Wiesel and his wife,
Marion, started the
Elie Wiesel Foundation for Humanity in 1986. He served as chairman of the President's Commission on the Holocaust (later renamed the US Holocaust Memorial Council) from 1978 to 1986, spearheading the building of the
United States Holocaust Memorial Museum in Washington, D.C.
Sigmund Strochlitz was his close friend and confidant during these years. The Holocaust Memorial Museum gives the Elie Wiesel Award to "internationally prominent individuals whose actions have advanced the Museum's vision of a world where people confront
hatred, prevent
genocide, and promote human
dignity". The Foundation had invested its endowment in money manager
Bernard L. Madoff's investment
Ponzi scheme, costing the Foundation $15 million and Wiesel and his wife much of their own personal savings.

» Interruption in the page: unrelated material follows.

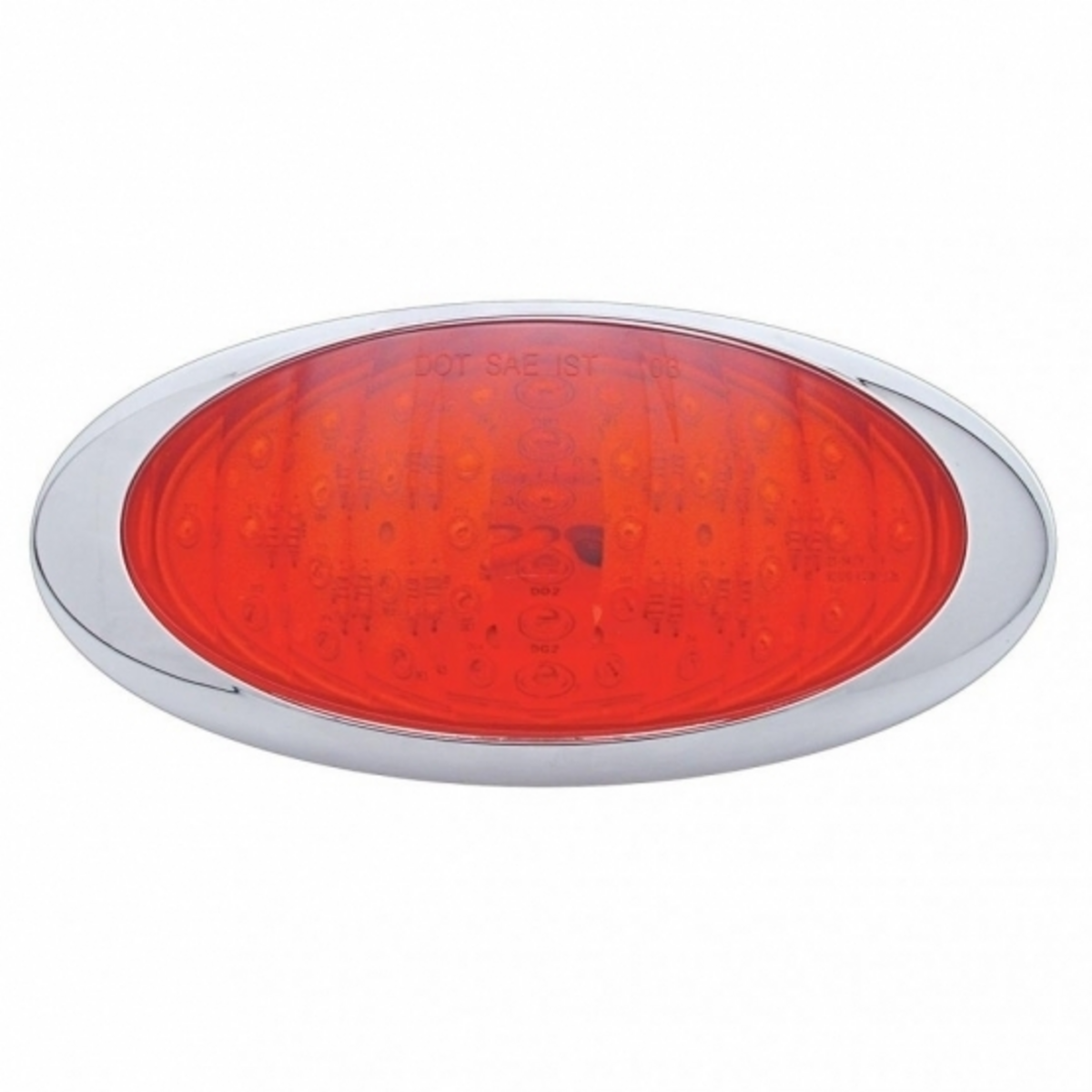 40 LED Oval Phantom III Light (Stop, Turn & Tail) - Red LED/Red Lens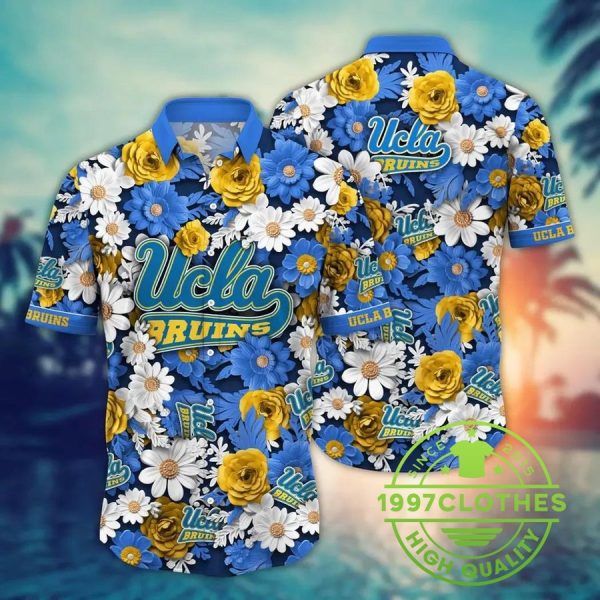 UCLA Bruins NCAA Flower Aloha Hawaiian Shirt 6, UCLA Bruins Hawaiian Shirt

Support for the Israeli government In 1982, at the request of the Israeli Foreign Ministry, Wiesel agreed to resign from his position as chairman of a
planned international conference on the Holocaust and the
Armenian genocide. Wiesel then worked with the Foreign Ministry in its attempts to get the conference either canceled or to remove all discussion of the Armenian genocide from it, and to those ends he provided the Foreign Ministry with internal documents on the conference's planning and lobbied fellow academics to not attend the conference. Wiesel was a co-founder of the Writers and Artists for Peace in the Middle East, a pro-Israel group. In 1984, he signed a letter protesting German arms sales to
Saudi Arabia.
On the Arab–Israeli conflict Wiesel was critical of
Hamas; he condemned them for the "use of children
as human shields" during the
2014 Gaza War, and ran an ad in several large newspapers to express this message.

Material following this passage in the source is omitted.